▸ What is required
Your copy should match the records exactly, apart from the pictures, which stay out.

== Material supplied

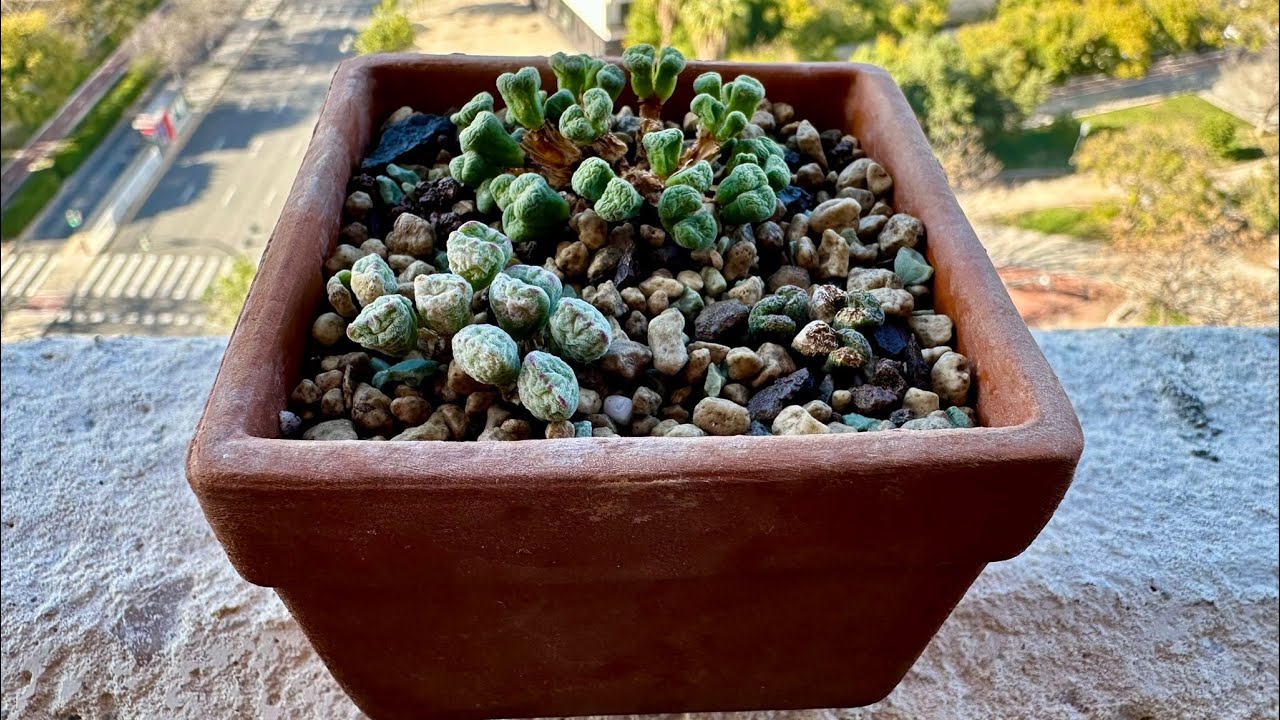 Живые Камни не пили почти уже год. 23.02.26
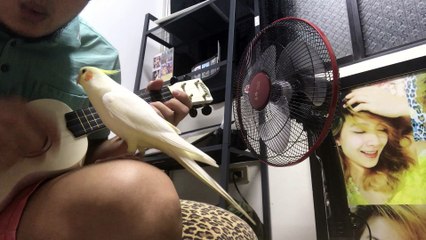 Bird Joins in for Delightful Duet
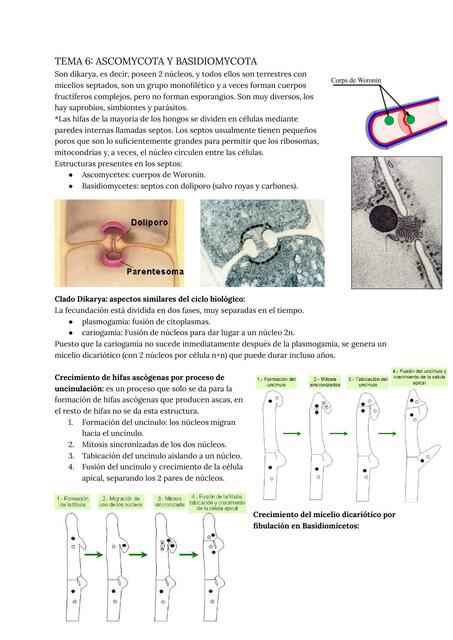 Tema 6 ascomycota y basidiomycota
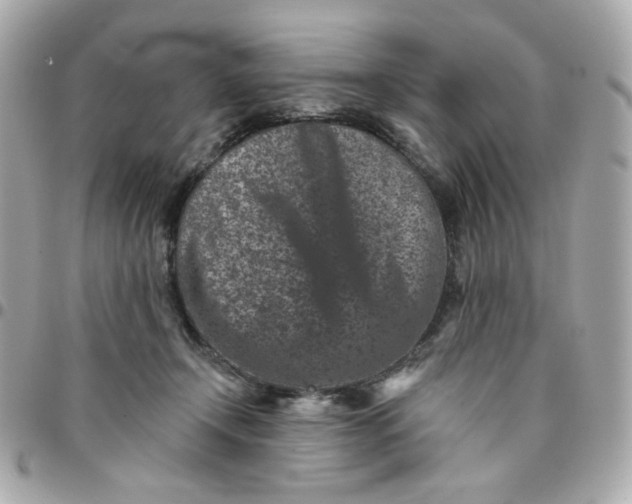 X0000096210366200802011326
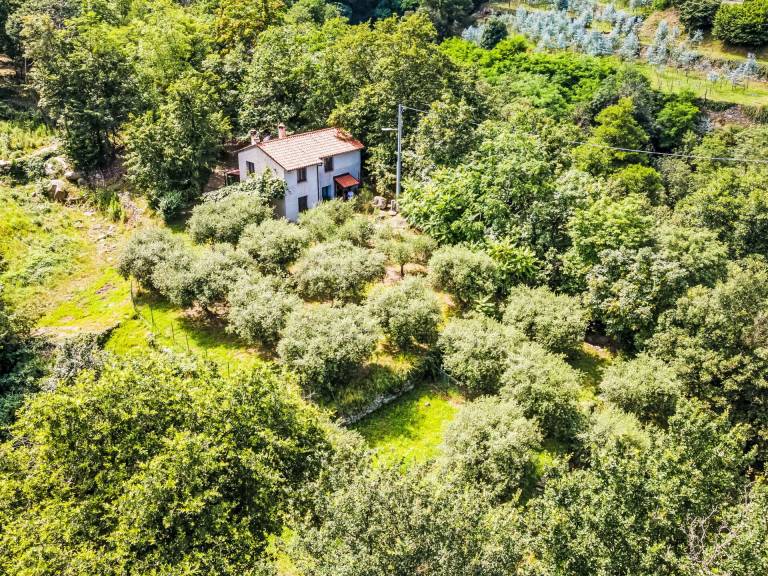 Casa Bardineto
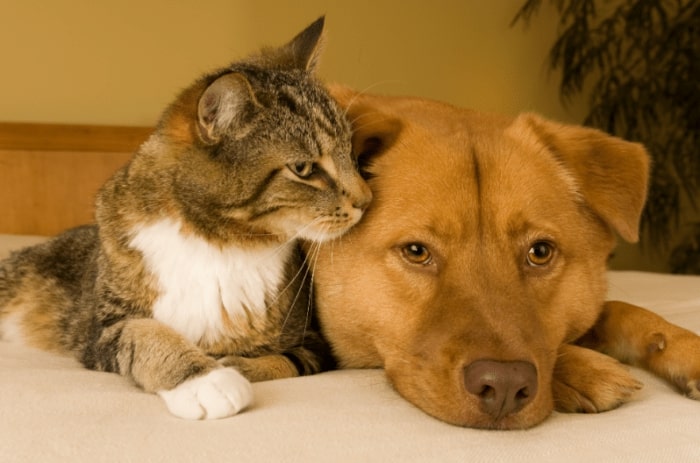 Animal Care & Hygiene Probiotic Products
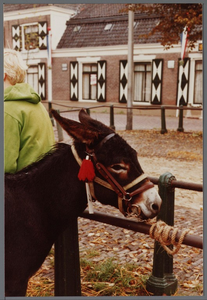 WAT001005565 Purmerend 500 jaar marktstad.Paarden-, pony- en ezeldag.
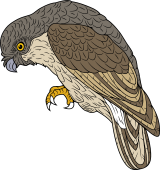 Birds of Prey Clipart image: Elf Owl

====

▸ Worked solution
 Живые Камни не пили почти уже год. 23.02.26
 Bird Joins in for Delightful Duet
 Tema 6 ascomycota y basidiomycota
 X0000096210366200802011326
 Casa Bardineto
 Animal Care & Hygiene Probiotic Products
 WAT001005565 Purmerend 500 jaar marktstad.Paarden-, pony- en ezeldag.
 Birds of Prey Clipart image: Elf Owl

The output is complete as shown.